La storia dell'ultimo giorno di un uomo che con i suoi scritti e i suoi film ha provocato e scandalizzato, fino alla sua morte, la notte tra l'1 e il 2 novembre 1975.

Il film di Abel Ferrara si apre con un’intervista di un giornalista francese a Pasolini (Willem Dafoe), mentre vengono proiettate alcune scene dell’appena terminato “Salò o Le 120 giornate di Sodoma”, che verrà proiettato tre settimane dopo la morte del regista. Alla domanda se lui si senta più poeta o più regista, Pasolini risponde: “Nel passaporto scrivo semplicemente scrittore”.
Da Stoccolma, Pasolini torna a Roma, a casa con la madre Susanna (Adriana Asti) e la cugina Graziella (Giada Colagrande), dove incontra pure suo cugino Nico Naldini (Valerio Mastandrea) e l’amica Laura Betti (Maria de Madeiros).
Scrive parecchio ed incontra un giornalista, al quale spiegherà ciò che lo muove ad essere così provocatorio: “L’inferno sta salendo da voi… Siamo tutti in pericolo.” I “voi” ai quali fa riferimento sono tutti coloro che si scandalizzano senza trovare il suo messaggio, sono i politici con i loro intrighi di palazzo, sono quelli di cui si parla sul giornale, che compiono omicidi. E’ giusto scandalizzare: è un modo per far cadere il palazzo dell’ignoranza e basta un chiodo.

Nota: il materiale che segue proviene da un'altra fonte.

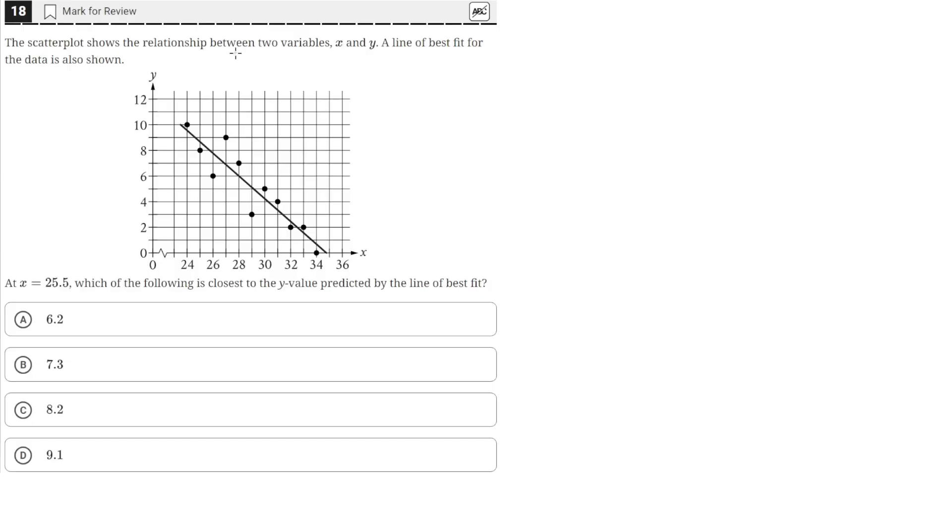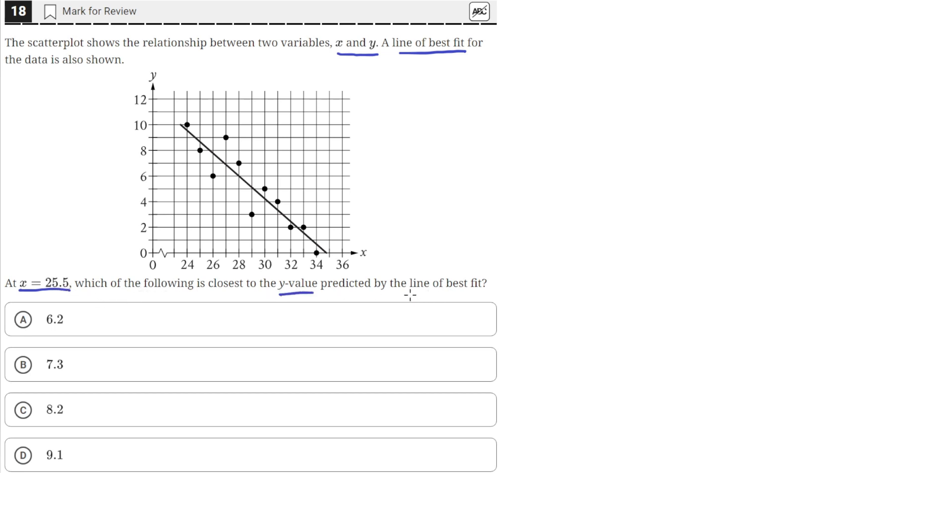Scatterplot shows the relationship between two variables, x and y. A line of best fit for the data is also shown. At x equals 25.5, which of the following is closest to the y value predicted by the line of best fit?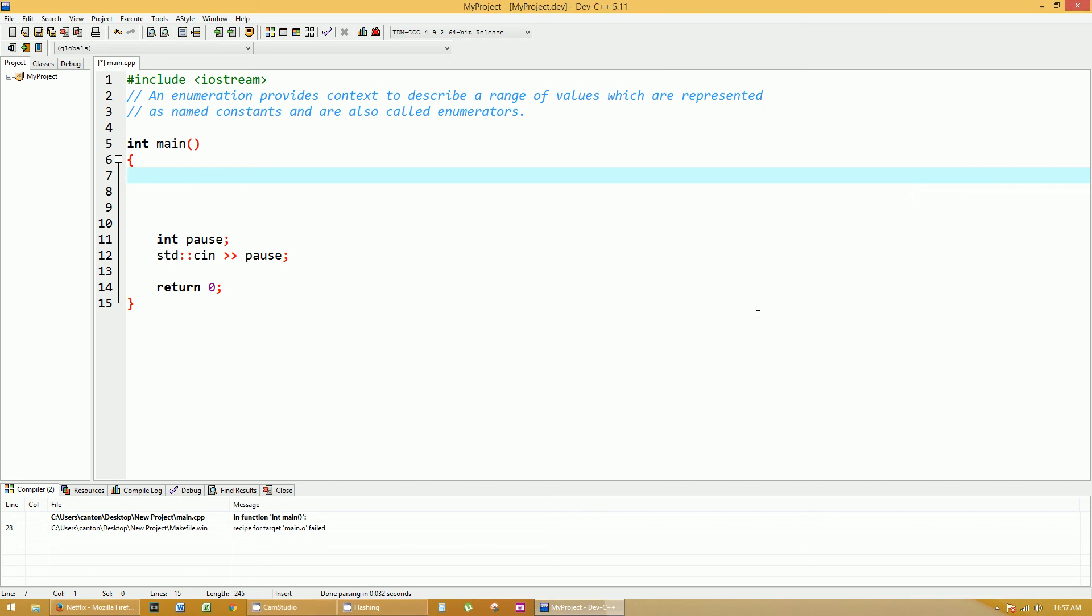Welcome to another C++ tutorial. Today I'm going to talk to you about enumeration, and in the comments on lines 2 and 3, I describe what that is. Enumeration provides context to describe a range of values which are represented as named constants and are also called enumerators.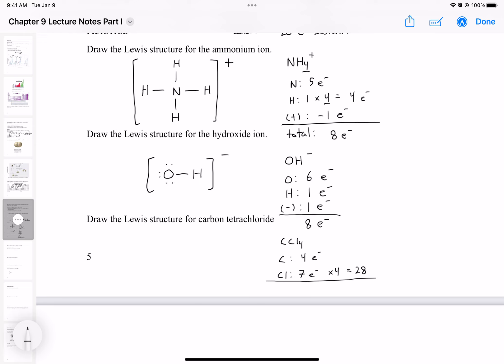If we sum up the total, we get 28 plus 4 which equals 32 electrons. There's no charge, so we don't have to account for any additional electrons. Carbon is the central atom since there's only one carbon atom, and we put the chlorine atoms around it equally spaced. We put a bond between each carbon and chlorine atom, accounting for eight electrons in bonds, so we have 24 electrons remaining.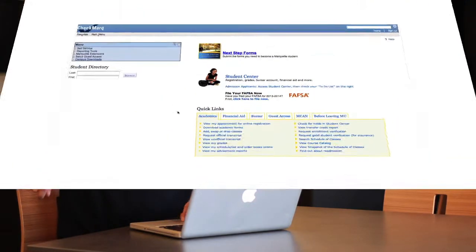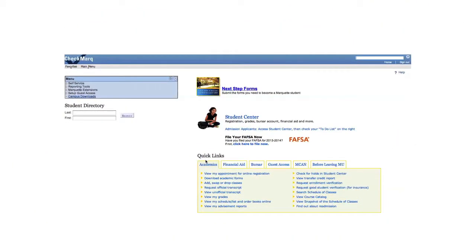First of all, we need to find out when we can actually register. If you look at the quick links box, the first link here says view my appointment for online registration. I'm just going to go ahead and click that one.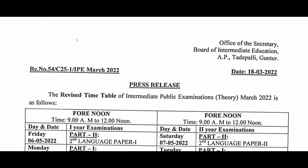Hello students, welcome back to my channel. Today we are going to get an important update on the AB Intermediate Exam.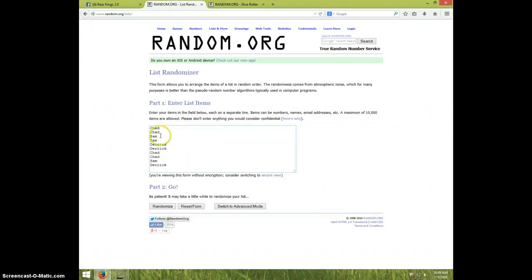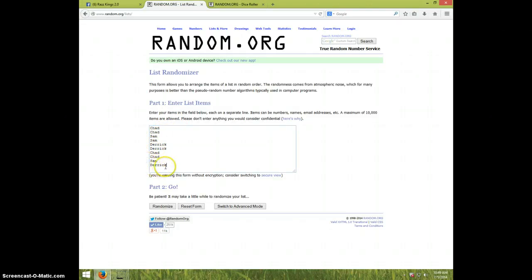We've got Chad for two, Sam for two, Derek for two, Chad for two more, Sam for one more, and Derek for one more.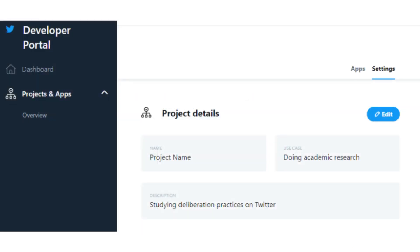Step 2: Create a new project by clicking on the New Project in your developer's dashboard or the Projects and Apps page. This option is only visible if you don't have a project already. Twitter allows only one project per user.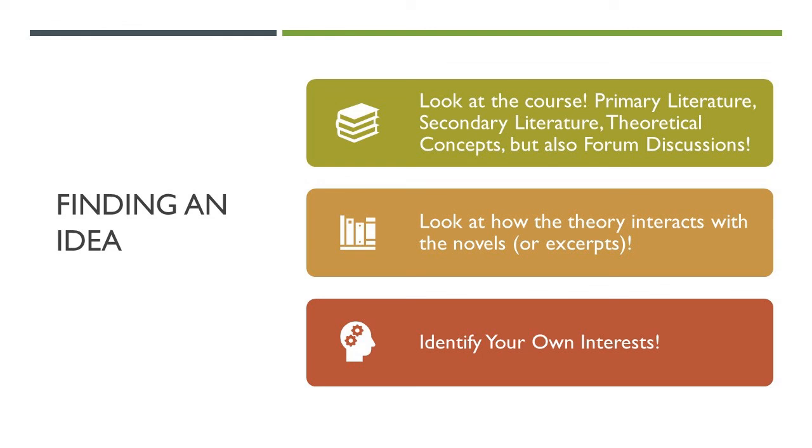So we would suggest that you look at the primary literature and the secondary literature that we've discussed during the term. Maybe have a look at the discussions that were being held in class or in the forums and try to see whether that will give you an idea for a term paper.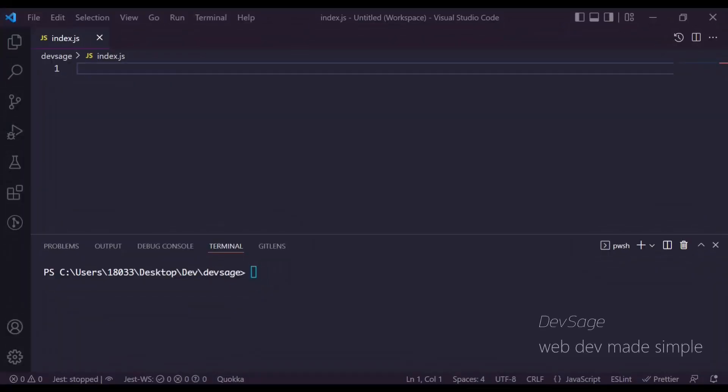What's up people, Dev Sage here. In this video I'm going to be teaching you about the builder design pattern. The builder pattern is a creational pattern that is used to construct complex objects.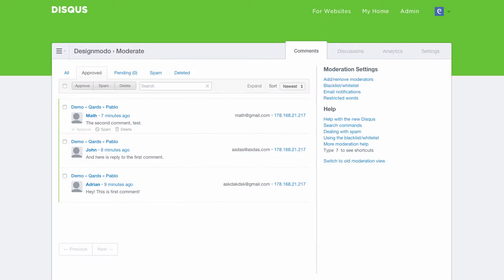Now create an account on Disqus.com, where you can set up a comment form, approve or remove comments, and other functions.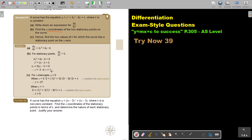Dividing by 3 and factorizing, we get x equals negative 3 and x equals 1. Now find the two values of k for which the curve has stationary points on the x-axis. On the x-axis, y equals zero. When x is negative 3, substituting y equals zero gives k equals negative 27. When x equals 1, substituting y equals zero gives k equals 5.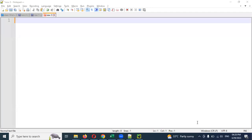Hi friends, welcome to CS Technology. I'm here today and I'm going to talk about XPath.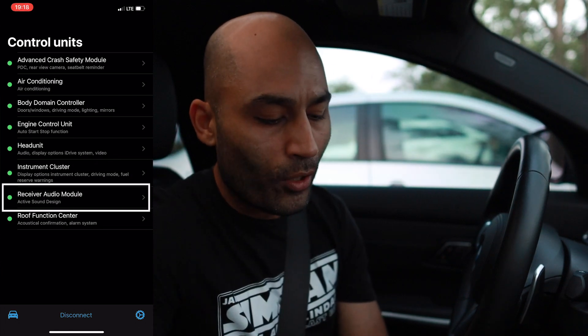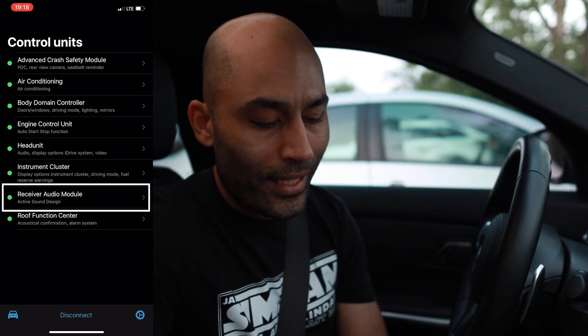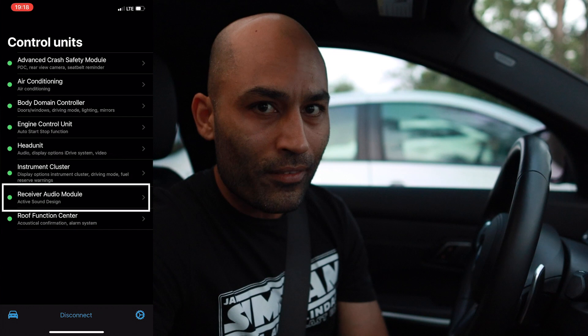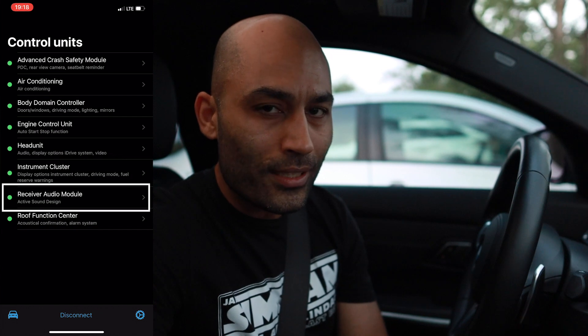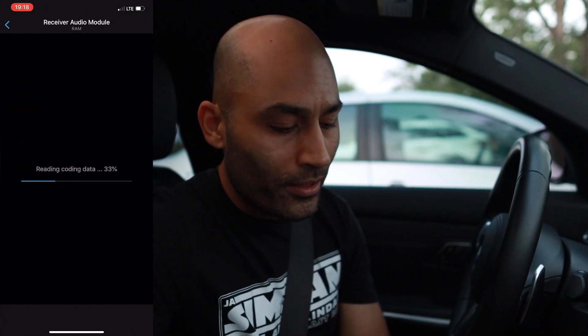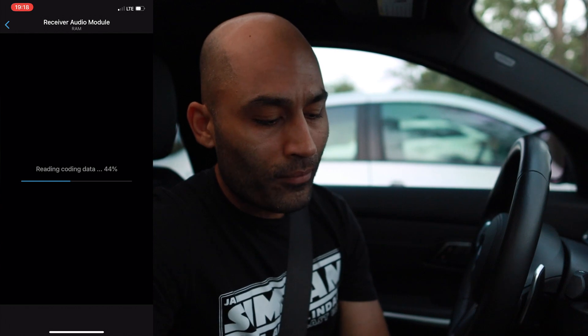Once your app is connected, you're going to see 'Receiver Audio Module' at the bottom. I have the 2019 3 Series G20 model — for you it might be different — but once it reads the code and propagates, you'll see it says 'Active Sound Design.' Tap on that.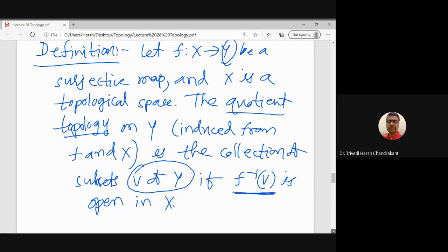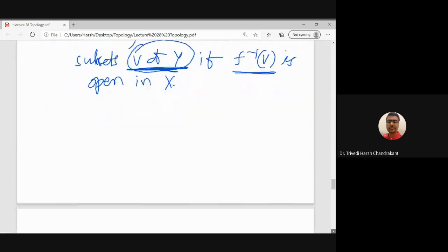I am defining the sets which are open in Y, but I need to check whether this collection satisfies the three properties of a topology: the empty set and Y belong to it, it is closed under arbitrary unions, and it is closed under finite intersections. We need to verify this. Let us check this in the following lemma, after which I will conclude.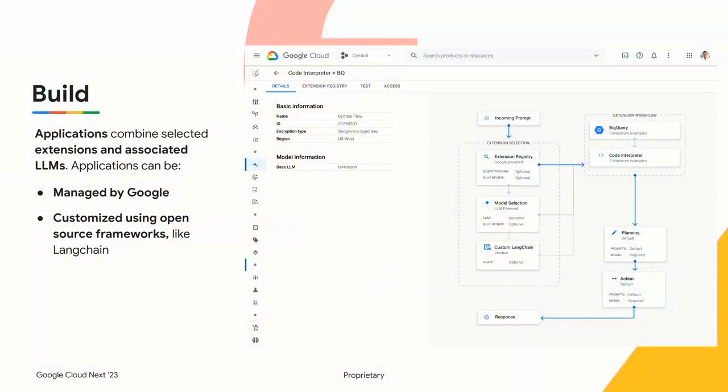Now you've created that extension, but how do you make it useful? You want to combine extensions and the associated LLMs at the application layer. To cover different use cases, LLMs rely on their reasoning to decide if and when an extension should be called — this creates an agent operating in a runtime. Vertex AI Extensions enables two different types of application runtimes: a reasoning application runtime managed by Google, ensuring that the right extension is called and the output format is controlled; and a customizable application runtime that builds on open-source frameworks like Langchain, deployed directly through Vertex AI Extensions.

Il rifiuto di ciò che non è corretto, il rifiuto è tale chiodo -ovvero la violenza provocatoria che Pasolini manifesta-  che può cambiare la situazione.
A cena incontra Ninetto Davoli (Riccardo Scamarcio) al quale racconta la trama del suo prossimo progetto. In tale racconto vediamo il vero Davoli interpretare Epifanio, nome non casuale, che a fianco del Davoli-Scamarcio segue una stella cometa che annuncia la venuta del Messia; attraverseranno una Roma tramutata in Sodoma e cercheranno di raggiungere il paradiso, che non c’è, salendo una scala infinita fino a vedere da lontano la Terra.
Salutato Davoli, Pasolini con la macchina gira per delle strade piene di ragazzi, i “Ragazzi di vita” del suo romanzo del 1955; sceltone uno, lo porta con sé ad Ostia in un posto isolato, andando incontro alla morte.
Tra scorci marmorei di Roma, Ferrara ci ha dato un resoconto asciutto e in certi momenti un po’ crudo di come doveva essere la vita di un uomo che viveva solo per la propria arte, che creava per lui stesso, per sfogare la sua feconda mente irrequieta.
Della morte di Pasolini si sono date tante versioni, si è parlato di complotti, ricatti e altro. Ferrara ha scelto questa, che Alberto Moravia descrisse così: “La sua fine è stata al tempo stesso simile alla sua opera e dissimile da lui. Simile perché egli ne aveva già descritto, nella sua opera, le modalità squallide e atroci, dissimile perché egli non era uno dei suoi personaggi, bensì una figura centrale della nostra cultura, un poeta che aveva segnato un’epoca, un regista geniale, un saggista inesauribile”.